__About this exercise__. The answer must be an exact copy of the lines from the one containing "INTERCONTINENTAL NHA TRANG - 4" through the end of the records, with the pictures left out.

Caption-style text data
----

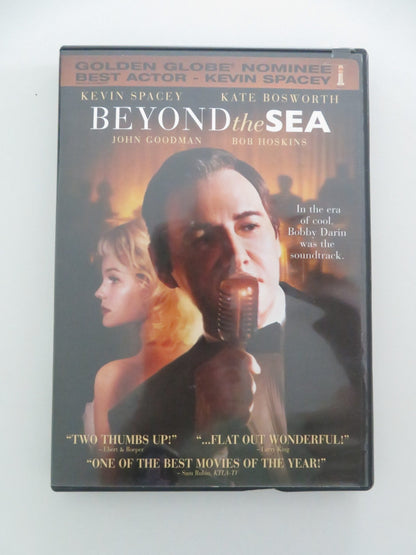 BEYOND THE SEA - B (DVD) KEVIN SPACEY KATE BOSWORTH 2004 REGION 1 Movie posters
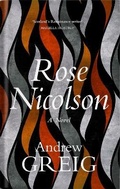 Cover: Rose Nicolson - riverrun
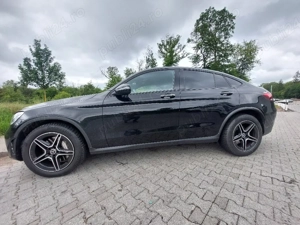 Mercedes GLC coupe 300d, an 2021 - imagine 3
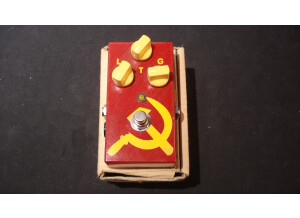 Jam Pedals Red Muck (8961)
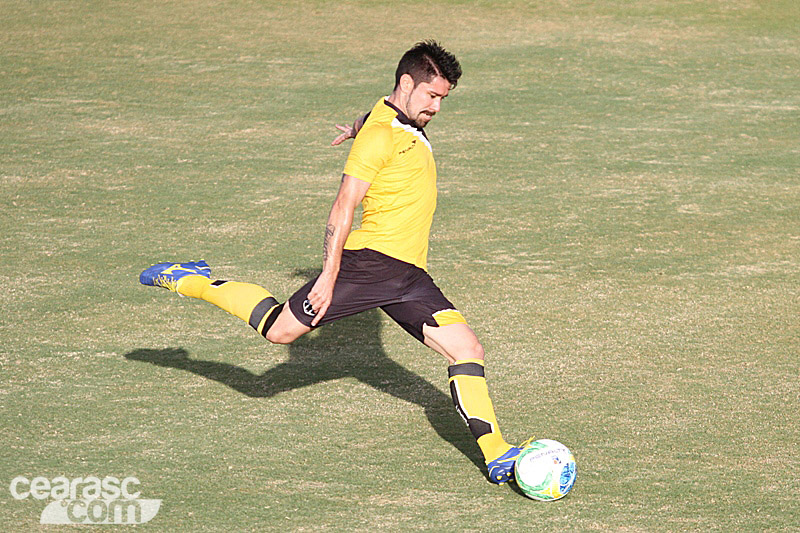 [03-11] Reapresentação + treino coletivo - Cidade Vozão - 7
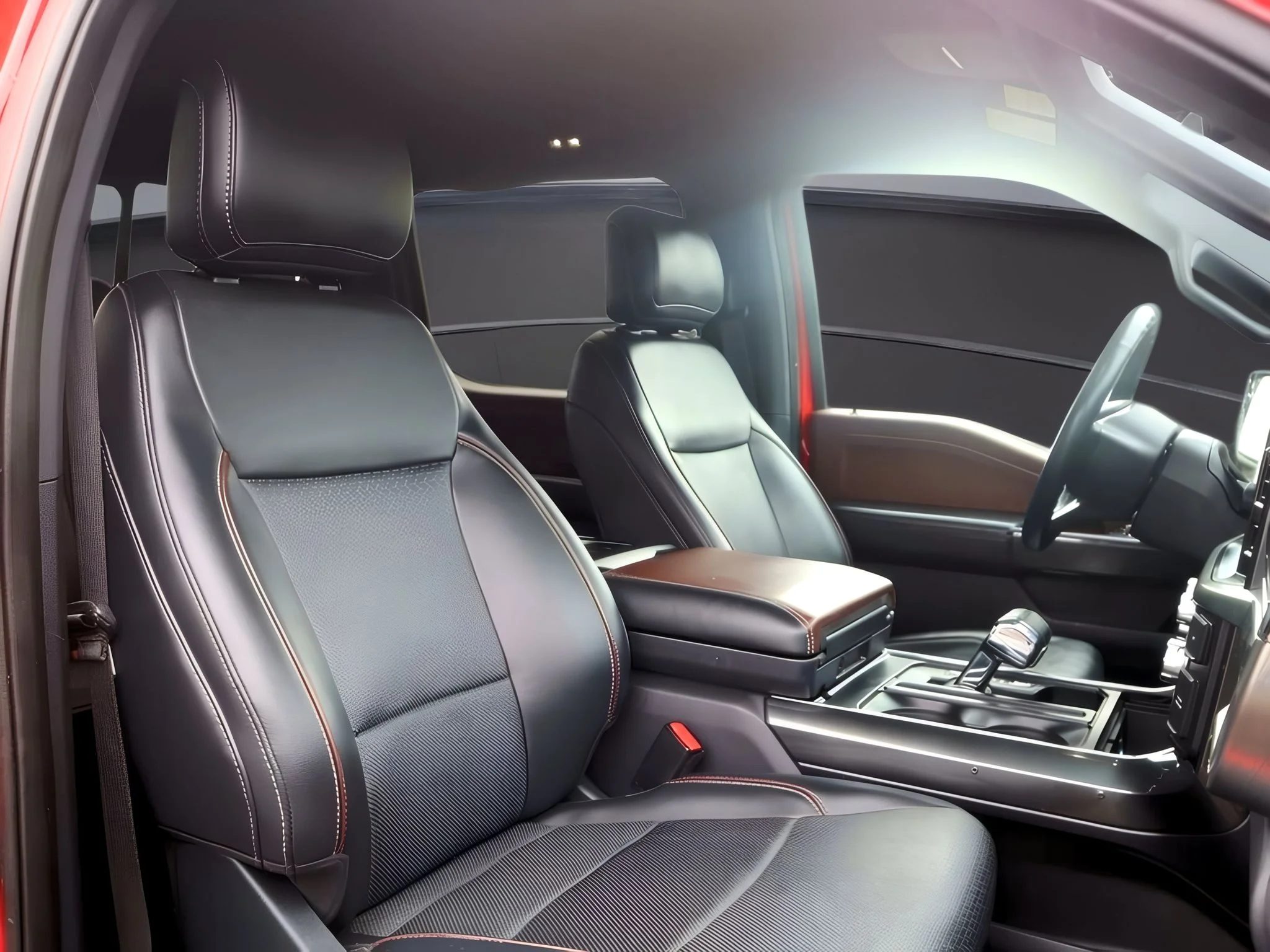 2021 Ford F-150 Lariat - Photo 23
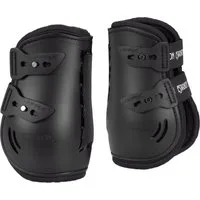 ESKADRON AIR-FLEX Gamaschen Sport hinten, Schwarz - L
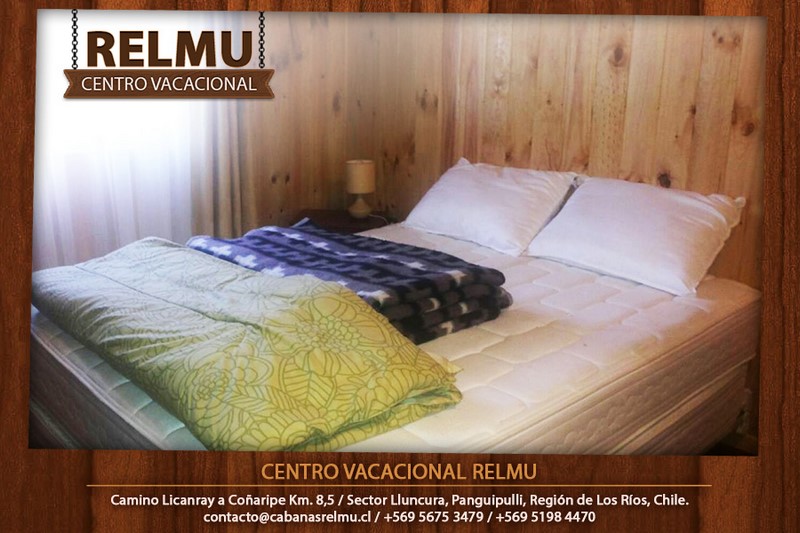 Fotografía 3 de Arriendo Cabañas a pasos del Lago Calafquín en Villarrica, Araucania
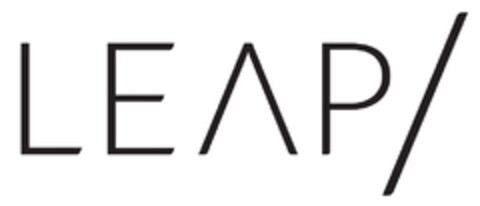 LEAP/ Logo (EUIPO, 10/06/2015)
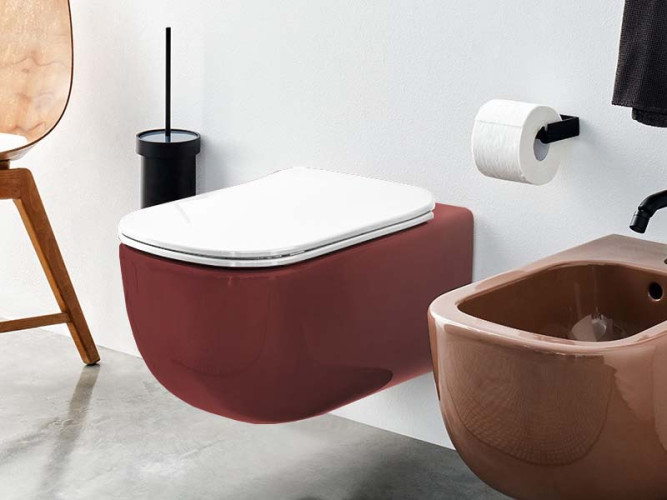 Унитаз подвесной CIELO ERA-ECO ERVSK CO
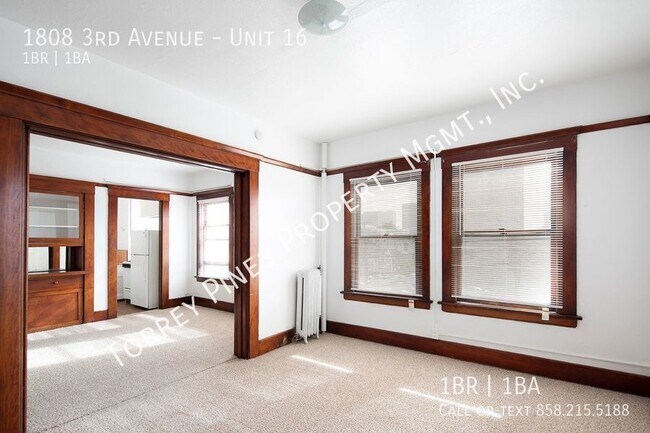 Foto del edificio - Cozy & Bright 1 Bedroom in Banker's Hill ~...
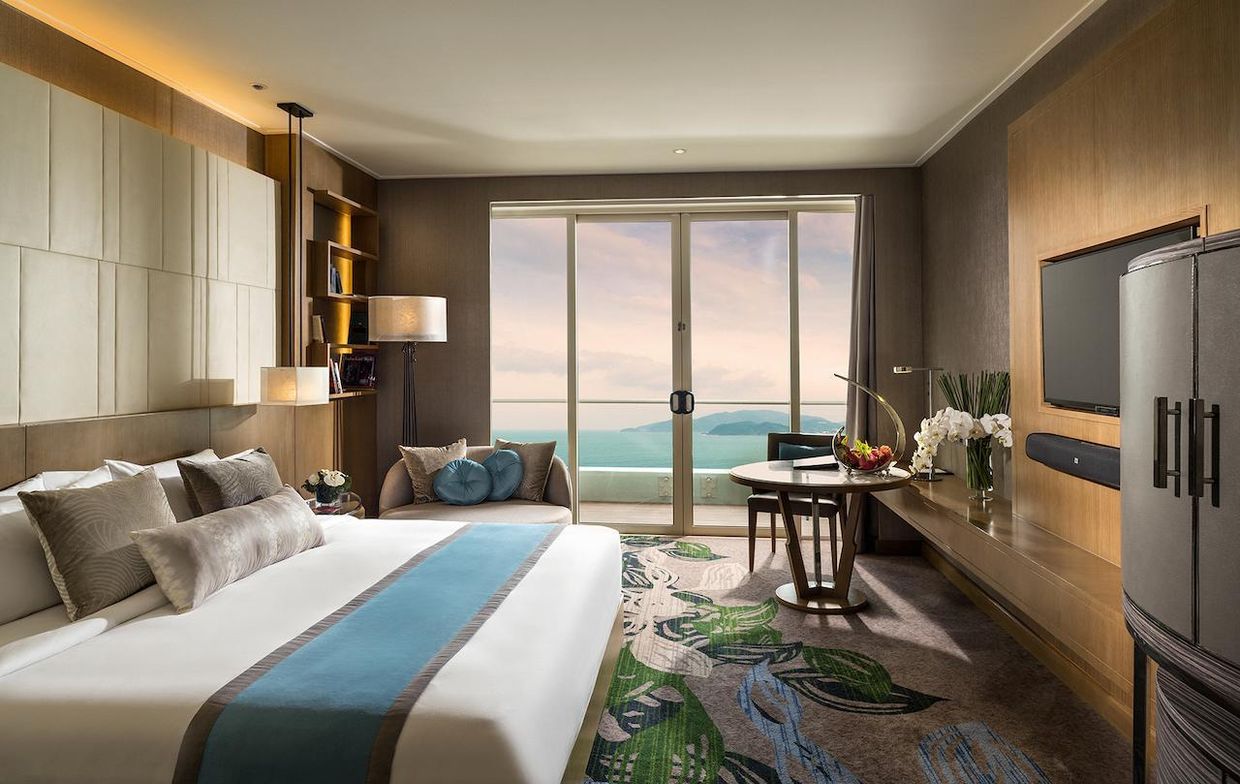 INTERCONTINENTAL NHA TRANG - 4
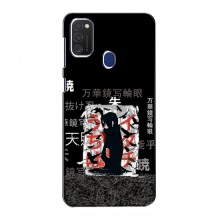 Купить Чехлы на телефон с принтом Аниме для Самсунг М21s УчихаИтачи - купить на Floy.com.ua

----

__Exercise output__.
 INTERCONTINENTAL NHA TRANG - 4
 Купить Чехлы на телефон с принтом Аниме для Самсунг М21s УчихаИтачи - купить на Floy.com.ua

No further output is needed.